Work to be completed:
Beginning with the line that holds "And again, you", set down each line of the data below through the very last, exactly as given, and nothing beyond that.

Data for analysis:
[Start of section]
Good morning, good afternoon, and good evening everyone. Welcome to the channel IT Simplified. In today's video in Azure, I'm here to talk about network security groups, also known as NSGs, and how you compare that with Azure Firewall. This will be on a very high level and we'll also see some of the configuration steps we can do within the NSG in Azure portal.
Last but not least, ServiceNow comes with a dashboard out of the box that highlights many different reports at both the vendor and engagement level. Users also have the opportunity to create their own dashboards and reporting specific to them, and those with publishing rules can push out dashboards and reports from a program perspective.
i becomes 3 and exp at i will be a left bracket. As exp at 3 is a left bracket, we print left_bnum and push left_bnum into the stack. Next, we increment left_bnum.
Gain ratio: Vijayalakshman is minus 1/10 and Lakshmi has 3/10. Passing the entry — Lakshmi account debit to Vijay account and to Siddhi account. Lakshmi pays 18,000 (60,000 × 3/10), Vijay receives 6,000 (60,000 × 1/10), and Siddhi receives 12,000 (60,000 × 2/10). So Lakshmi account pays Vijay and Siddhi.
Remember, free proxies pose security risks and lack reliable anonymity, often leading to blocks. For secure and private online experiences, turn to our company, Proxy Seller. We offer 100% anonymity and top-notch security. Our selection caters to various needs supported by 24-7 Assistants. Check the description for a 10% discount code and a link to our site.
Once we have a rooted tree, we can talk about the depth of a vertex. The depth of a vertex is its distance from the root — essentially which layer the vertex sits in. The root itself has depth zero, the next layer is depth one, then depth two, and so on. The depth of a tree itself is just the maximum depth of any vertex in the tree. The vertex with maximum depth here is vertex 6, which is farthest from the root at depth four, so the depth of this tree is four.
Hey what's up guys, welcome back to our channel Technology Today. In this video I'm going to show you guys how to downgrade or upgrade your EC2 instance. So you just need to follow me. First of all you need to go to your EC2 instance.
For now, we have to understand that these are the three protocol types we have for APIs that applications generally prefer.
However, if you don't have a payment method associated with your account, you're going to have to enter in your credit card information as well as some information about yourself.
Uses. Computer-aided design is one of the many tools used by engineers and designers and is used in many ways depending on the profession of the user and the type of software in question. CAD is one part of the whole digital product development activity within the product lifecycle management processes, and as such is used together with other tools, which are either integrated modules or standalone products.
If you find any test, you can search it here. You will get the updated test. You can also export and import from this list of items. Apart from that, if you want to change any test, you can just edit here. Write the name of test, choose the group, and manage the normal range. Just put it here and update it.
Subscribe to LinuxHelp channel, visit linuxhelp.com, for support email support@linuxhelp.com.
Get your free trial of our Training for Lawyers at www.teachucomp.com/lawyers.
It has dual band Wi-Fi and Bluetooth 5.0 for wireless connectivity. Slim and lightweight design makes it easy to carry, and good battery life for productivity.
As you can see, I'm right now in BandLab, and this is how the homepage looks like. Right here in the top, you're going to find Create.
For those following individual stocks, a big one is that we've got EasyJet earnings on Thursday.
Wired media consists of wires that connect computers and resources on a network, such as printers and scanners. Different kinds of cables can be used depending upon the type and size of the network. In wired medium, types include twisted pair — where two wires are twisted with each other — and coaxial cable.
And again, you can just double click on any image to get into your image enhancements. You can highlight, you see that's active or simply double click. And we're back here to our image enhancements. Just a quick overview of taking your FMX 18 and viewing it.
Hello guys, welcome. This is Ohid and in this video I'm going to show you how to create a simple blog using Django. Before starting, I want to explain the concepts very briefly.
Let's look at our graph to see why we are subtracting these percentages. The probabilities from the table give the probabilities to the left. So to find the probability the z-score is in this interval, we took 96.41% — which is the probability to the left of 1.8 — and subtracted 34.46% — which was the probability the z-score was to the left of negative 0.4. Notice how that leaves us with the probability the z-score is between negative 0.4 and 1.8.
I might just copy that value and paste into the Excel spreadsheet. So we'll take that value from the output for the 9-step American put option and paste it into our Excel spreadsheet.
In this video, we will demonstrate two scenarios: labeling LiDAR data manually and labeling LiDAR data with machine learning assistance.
[End of section]
Final answer:
And again, you can just double click on any image to get into your image enhancements. You can highlight, you see that's active or simply double click. And we're back here to our image enhancements. Just a quick overview of taking your FMX 18 and viewing it.
Hello guys, welcome. This is Ohid and in this video I'm going to show you how to create a simple blog using Django. Before starting, I want to explain the concepts very briefly.
Let's look at our graph to see why we are subtracting these percentages. The probabilities from the table give the probabilities to the left. So to find the probability the z-score is in this interval, we took 96.41% — which is the probability to the left of 1.8 — and subtracted 34.46% — which was the probability the z-score was to the left of negative 0.4. Notice how that leaves us with the probability the z-score is between negative 0.4 and 1.8.
I might just copy that value and paste into the Excel spreadsheet. So we'll take that value from the output for the 9-step American put option and paste it into our Excel spreadsheet.
In this video, we will demonstrate two scenarios: labeling LiDAR data manually and labeling LiDAR data with machine learning assistance.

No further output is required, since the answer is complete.